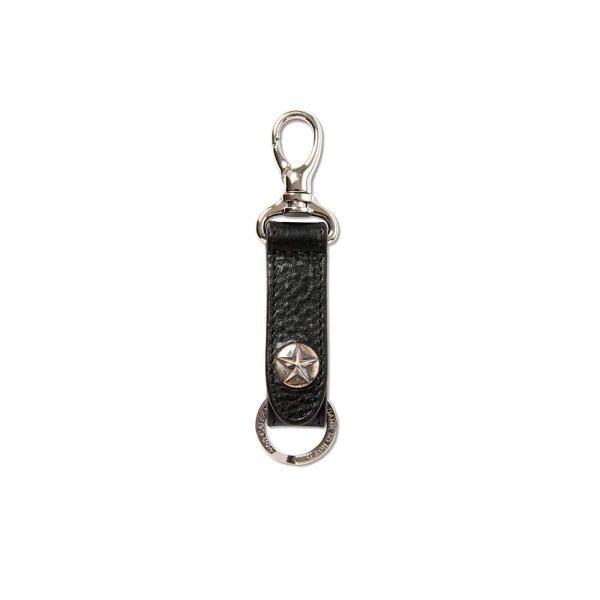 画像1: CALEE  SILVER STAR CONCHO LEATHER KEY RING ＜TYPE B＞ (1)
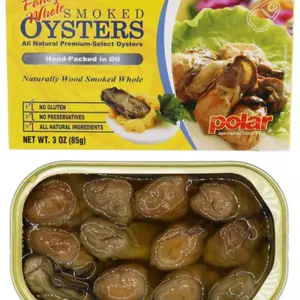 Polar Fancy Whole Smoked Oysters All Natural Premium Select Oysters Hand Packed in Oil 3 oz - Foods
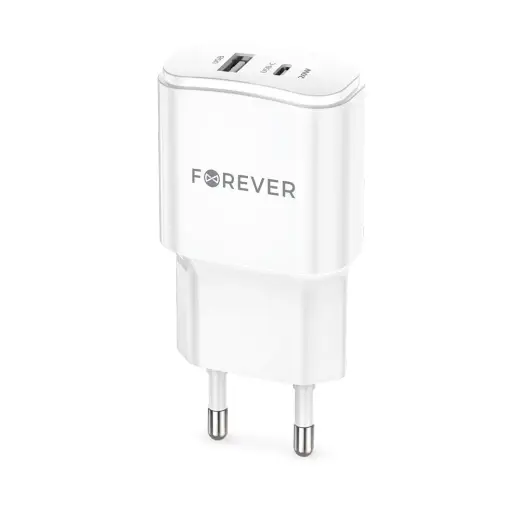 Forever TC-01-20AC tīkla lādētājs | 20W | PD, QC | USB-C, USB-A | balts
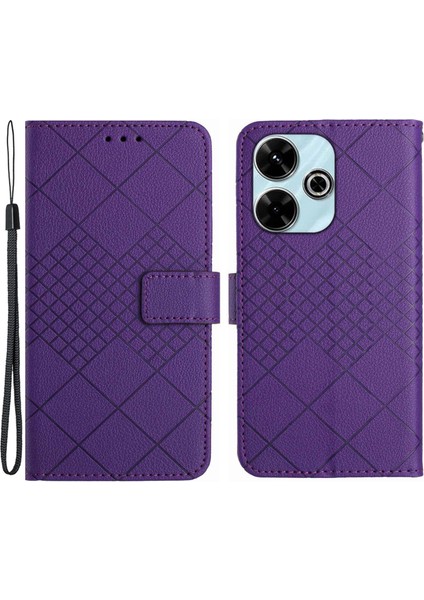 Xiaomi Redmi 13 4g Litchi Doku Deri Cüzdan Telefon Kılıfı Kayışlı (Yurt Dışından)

_ _ _

• **Required action**
Please output the material above unchanged, apart from removing the pictures.

• **Finished exercise**
 画像1: CALEE  SILVER STAR CONCHO LEATHER KEY RING ＜TYPE B＞ (1)
 Polar Fancy Whole Smoked Oysters All Natural Premium Select Oysters Hand Packed in Oil 3 oz - Foods
 Forever TC-01-20AC tīkla lādētājs | 20W | PD, QC | USB-C, USB-A | balts
 Xiaomi Redmi 13 4g Litchi Doku Deri Cüzdan Telefon Kılıfı Kayışlı (Yurt Dışından)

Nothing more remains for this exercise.